Dianne Hook, an incredible artist and businesswoman who founded DJ Inkers, was the person to introduce me to the crafting world. She was very well-known for her rubber stamps and books that frequented schools, craft stores, hospitals and more. It was my job to take the drawings Dianne did for her products and digitize them for computer use. I figured out the optimal way for it to be used as general clipart and fonts.
I started with Dianne in the golden years of scrapbooking—the 90’s. Back when .wmf and .cgm file formats reigned supreme while Word and Print Shop dominated the Windows 3.1 landscape. It was awesome in its way. This was when Creating Keepsakes introduced the “crazy” new concept of the oversized 12x12 scrapbooks, which eventually took the world by storm. With this new way of scrapbooking came a whole slew of problems.
Problem One: The Amount
The first issue is less of a problem than an incredible feat—the 12x12 scrapbooks have taken over. The sheer number of scrapbooks in existence would be an impossible number for anyone to claim. The issue falls not even in that there are “too many” of them, because the world can’t have too much of a good thing… right? I’ve witnessed and experienced the awe-inspiring sight of bookshelves full of meticulously crafted scrapbooks. The problem really lies in the question that begs, “What do we do with them now?”
Problem Two: The Risk
These magnificent creations are continually at an alarming risk. The saying goes that, if your house is burning down, you get the kids, the photos and the husband… in that order. I can only cringe in knowing how many scrapbooks, photos and other family treasures are destroyed by disasters such as fire, flooding and storm. It is truly a tragedy.

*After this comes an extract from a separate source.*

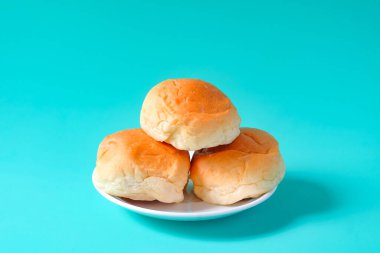 Masada taze çörekler var..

Problem Three: The Impermanence
These books are one-offs. They often dangerously perch alone on their dusty shelves. They are lonely and desire some redundancy, I say!
Problem Four: The Limitation
These books are not easily or conventionally shareable. No one can experience them anywhere but plunked down on the sofa with the book spread across your lap. The only “sharing” that happens at this point is when curious eyes crowd around to see what you’re looking at. Plus people are reluctant to loan these out… I’ve experienced the horror of loaning a scrapbook once when I lost one for almost a month. By some miracle it was eventually found, but many people aren’t that lucky.
Problem Five: The Size
An apparent solution to most of these problems would simply be digitize these materials. This, however, leads to the last and most significant issue—they are just too big! While glorious in their 12x12 terrific-ness, the size of these pages is simply too big for traditional scanning.
Scanning would require one of two things—finding an expensive large-format scanner to use or scanning your page in different parts and stitching them together with a photo-editing program. These are two significant hurdles that are rarely overcome, leaving scrapbooks to continue on in their problem-laden existence.
SHOTBOX: The Solution
There must be a better way… and now, there is. It’s called the SHOTBOX, and it was specifically created to disrupt and replace the traditional method of scanning by simply taking a picture with your camera or smartphone. And it was made to solve all the problems discussed here.
The SHOTBOX emulates what major digitization companies are doing—they prefer using high-end camera and computer setups to traditional scanning. It’s easy to see that pressing a shutter button is significantly faster than watching a light bar scan back and forth. A SHOTBOX and smart phone are a small-scale version of this theory that can be done on your kitchen table.
The SHOTBOX was made specifically to capture a 12 x 12 document in a microsecond. To achieve quality results, it has been outfitted with LED lights to provide balanced light devoid of shadows. It has holes on top of its cubed shape to position the camera lens straight down without jiggle and blur. It's collapsible, portable, and extremely durable to boot. There is nothing like it on the market.